A Rangiroa, le dépotoir « officiel » de la commune, situé juste derrière la mairie de Avatoru, fait peser de lourds risques de pollution sur la lentille d’eau de l’atoll. Le maire semble résigné par une situation qui dure « depuis des années » et les services de l’environnement regrettent le manque de moyens pour contrôler et gérer les déchets dans certaines îles éloignées.
Bien connu pour ses lagons turquoises ou encore sa fameuse passe de Tiputa remplie de requin et ses merveilles de la nature, l’atoll de Rangiroa paraît bien moins paradisiaque quand il s’agit d’évoquer son dépotoir totalement hors de contrôle.

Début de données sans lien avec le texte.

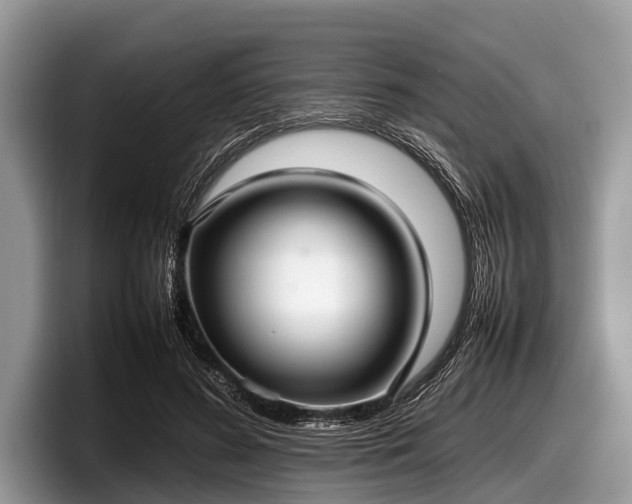 X0000097860596200803211256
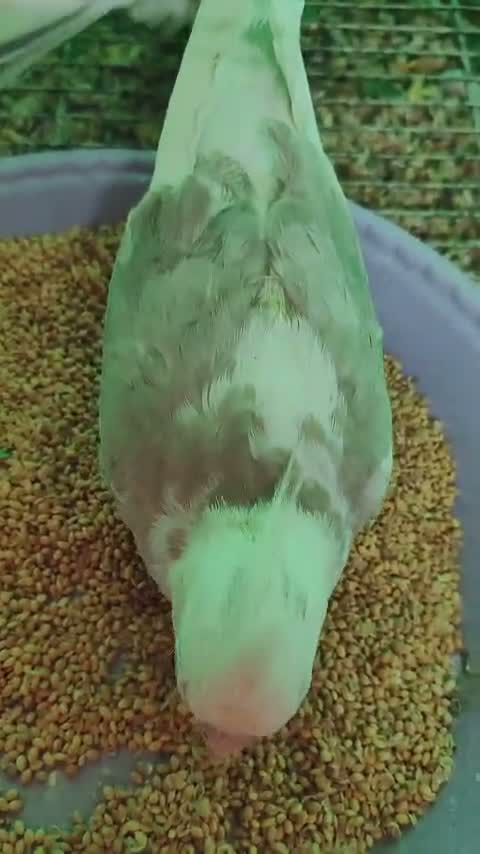 Cockatiel, farm video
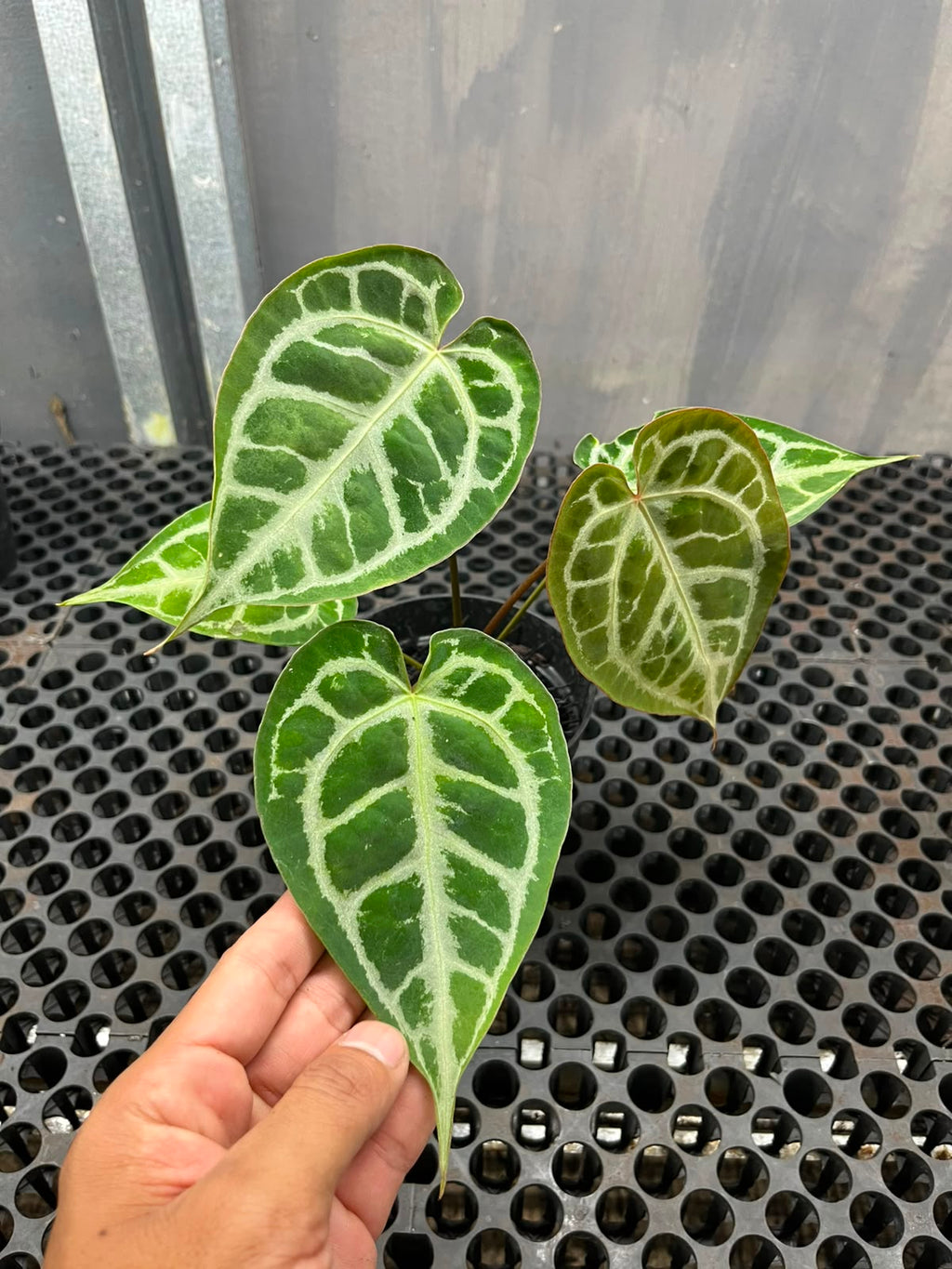 Anthurium Muchlis x Michelle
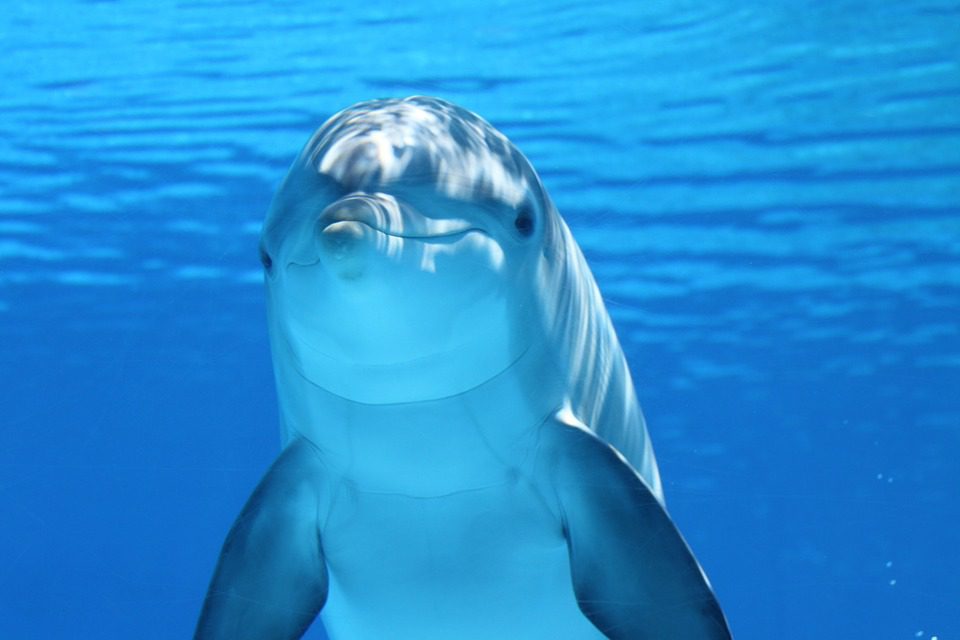 Un jeune dauphin est mort à cause de la bêtise humaine et de l’addiction aux selfies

En effet, la commune utilise un lac pour y mettre ses déchets, dont la plupart ne sont pas triés. On y trouve de vieux appareils électroniques ou ménagers, des carcasses de climatiseurs ou de machines à laver, des déchets plastiques et des déchets verts qui jonchent le sol à la limite du lac et qui attendent sagement que les engins de la mairie viennent les y pousser, pour ensuite les recouvrir avec de la soupe de corail…
La lentille d’eau polluée ?
Les sols des atolls étant très peu épais, la lentille d’eau y est beaucoup plus accessible que dans les îles hautes. Une étude sur les « évaluations des gisements et analyse prospective sur l’organisation de la gestion des déchets en Polynésie française » effectuée par le ministère de l’Environnement et l’Agence de l’environnement et de la maitrise de l’énergie (ADEME) estimait en 2012 que « le passage d’un polluant dans les sols et donc dans la lentille d’eau est très rapide. Cette dernière est donc très vulnérable et facilement sujette à des pollutions. Les transferts de polluants depuis l’eau douce de la lentille vers le lagon où l’océan est possible ».
La même étude écrivait aussi que « la très faible implication des pouvoirs publics sur la politique de gestion durable des déchets, n’incite pas à la réduction à la source ». Et en effet, le maire de Rangiroa, Teina Maraeura, affirme que des discussions ont eu lieu avec les autorités du Pays et de l’Etat mais que rien n’y a fait : « cela fait des années qu’on discute de cela, je vais passer mes trente ans de maire l’an prochain et on n’a jamais trouvé de solution ».
« Il n’y a plus de moustiques et de nono »
Le tavana affirme d’ailleurs que le Pays lui a conseillé, il y a plusieurs années, de « retirer tous ces déchets et de les ramener sur Tahiti ». Mais il interroge : « qui va payer tout cela ? ». Depuis, le lac qui sert de dépotoir se remplit doucement mais sûrement.
Reste que la situation n’émeut pas vraiment le tavana de l’île qui explique qu’au moins aujourd’hui on ne verse plus le « mazout » directement dans le lac, comme il y a une trentaine d’années… Le premier magistrat de Rangiroa y trouve même un avantage : « il n’y a plus de moustique et de nono ».
« Un motu pour mettre nos déchets »
La commune envisage tout de même un embryon de solution. Envoyer les déchets sur un motu inhabité situé à 20 kilomètres de Tiputa. Les déchets y seront amenés par bateau ou à l’aide d’une barge. Reste à savoir si la solution réglera le problème ou ne fera que le déplacer.
Le tavana affirme d’ailleurs que la commune a mis en place un système de tri des déchets pour pouvoir « les quantifier et évaluer ainsi les incidences » sur les coûts d’un éventuel transport, soit vers ce fameux motu, soit vers Tahiti.
La Diren démunie
Interrogé sur la situation à Rangiroa, le chargé d’affaires en gestion des déchets à la Direction de l’environnement (Diren), Ryan Léou, concède être bien démuni devant l’ampleur et l’ancienneté de cette situation.
Il rappelle tout de même que le Pays peut mettre en « demeure » les communes qui ne respectent pas le cahier des charges relatif aux « décharges ». Même s’il vaut mieux trouver des solutions que passer par une répression inutile. Il précise que dans certaines îles éloignées, les tavana travaillent à la mise en place de centres d’enfouissement technique (CET) comme à Nuku-Hiva, Rapa ou Ra’iatea.
Aux Tuamotu, Hao effectue actuellement des études pour installer son CET. « Théoriquement, ce sera le premier CET dans l’archipel », explique Ryan Léou, qui ajoute que dans beaucoup d’atolls les tavana « ont fait le choix des CET simplifiés, qui ne demandent pas d’infrastructure trop lourdes à porter pour le peu de population qu’il y a sur l’île ».
Notons que Rangiroa ne pourra pas mettre en place de centre d’enfouissement technique simplifié puisque l’atoll dépasse la barre des 3 000 habitants.